- [Task to carry out]:
Wherever an image appears in the data, omit it and copy all the remaining text word for word.

- [Input for this task]:
------------------------------

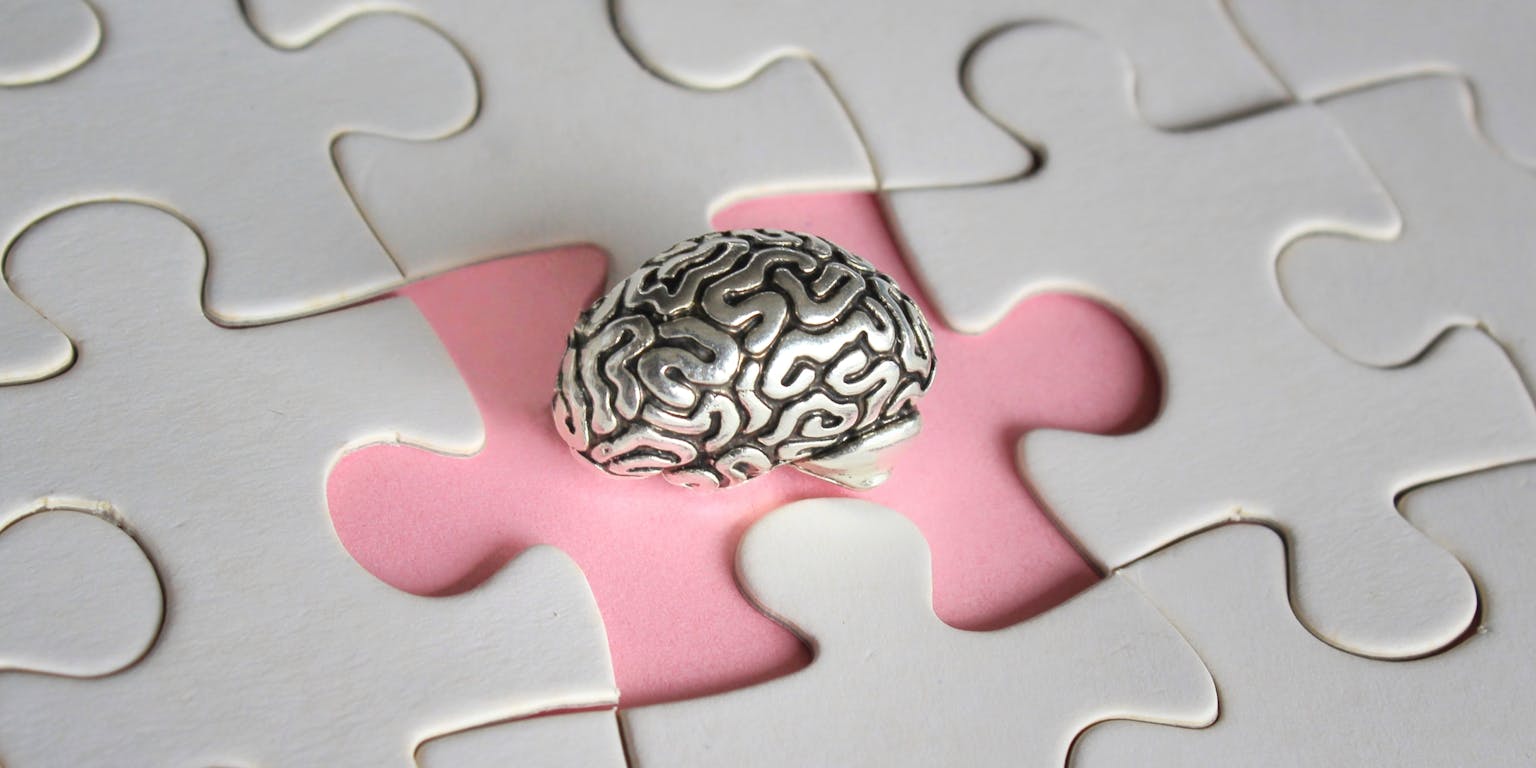 Het menslijke brein als een grote puzzel.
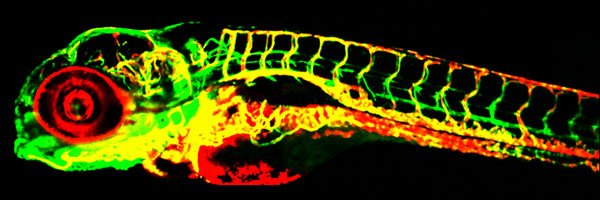 fishforscience's profile banner image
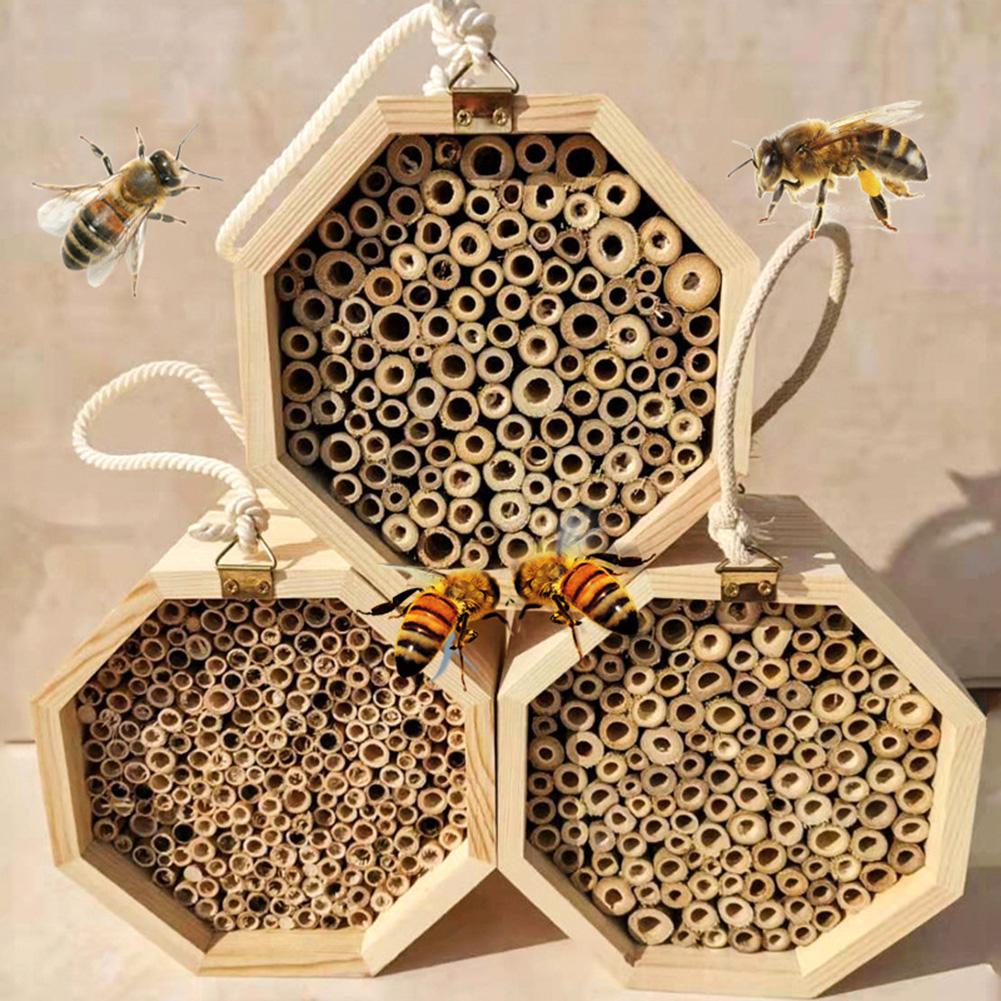 Creatieve Houten Buis Bijenkorf Insect Huis Paring Box Tuin Bijenteelt Supply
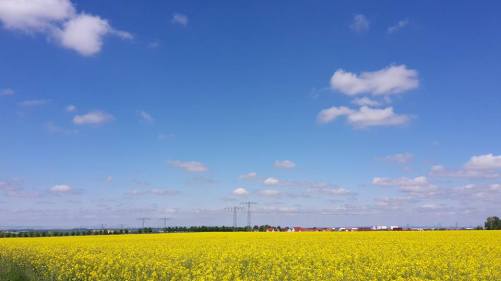 Himmelfahrt - Spaziergang 1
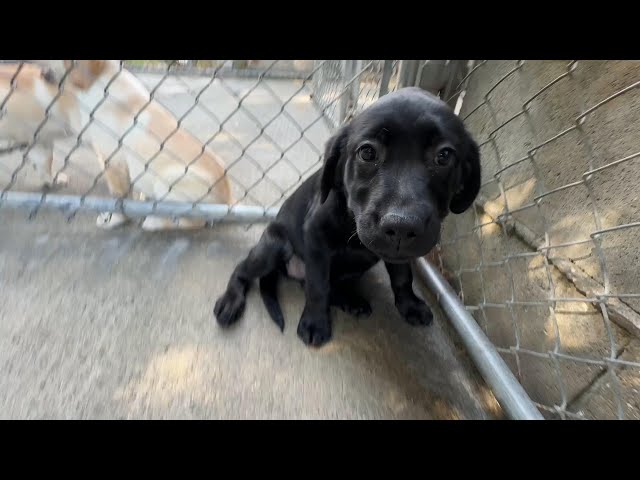 (子犬) 犬種:ラブラドール・レトリーバー 女の子 ブリーダー マロニエケンネル MARRONNIER KENNEL k4061の画像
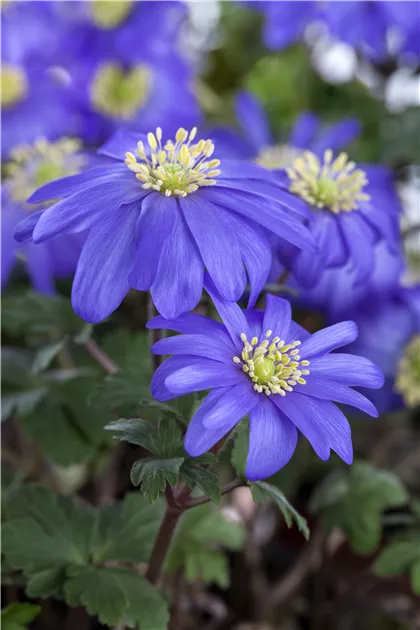 Bulbes D’Anémone Blanda Bleue – Floraison Début Printemps, Hauteur 15 Cm, Taille Bulbe 4-5 - 7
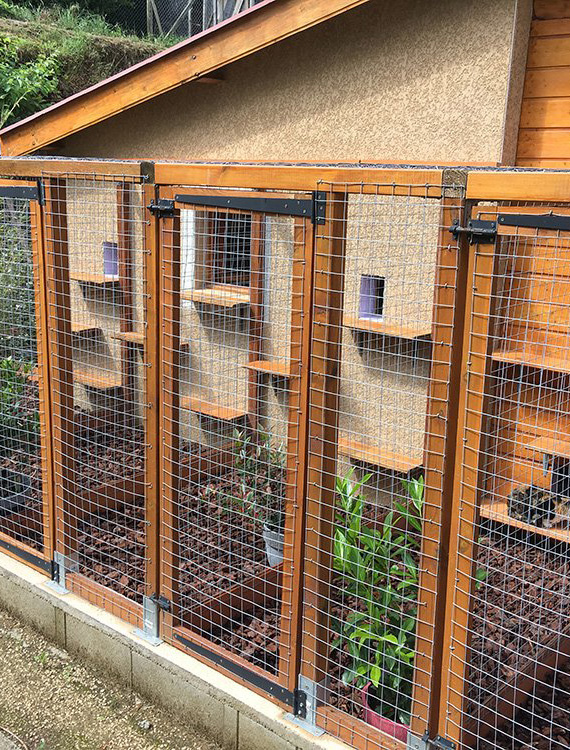 Box des chats de la pension du Moulin Pommier pour la nuit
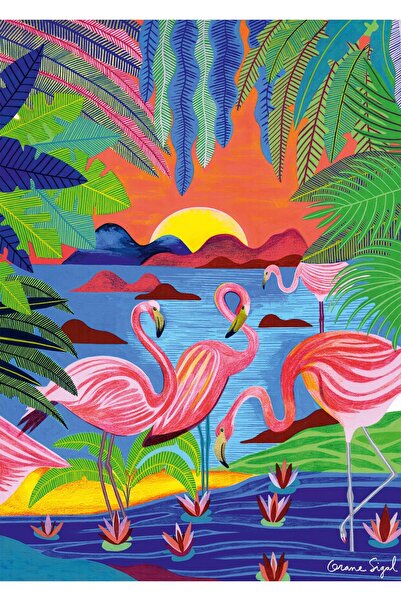 Pieces & Peace Puzzle 1000 pieces - Sigal Orane: Flamants Roses (Pieces-and-P...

------------------------------

- [Response for this exercise]:
 Het menslijke brein als een grote puzzel.
 fishforscience's profile banner image
 Creatieve Houten Buis Bijenkorf Insect Huis Paring Box Tuin Bijenteelt Supply
 Himmelfahrt - Spaziergang 1
 (子犬) 犬種:ラブラドール・レトリーバー 女の子 ブリーダー マロニエケンネル MARRONNIER KENNEL k4061の画像
 Bulbes D’Anémone Blanda Bleue – Floraison Début Printemps, Hauteur 15 Cm, Taille Bulbe 4-5 - 7
 Box des chats de la pension du Moulin Pommier pour la nuit
 Pieces & Peace Puzzle 1000 pieces - Sigal Orane: Flamants Roses (Pieces-and-P...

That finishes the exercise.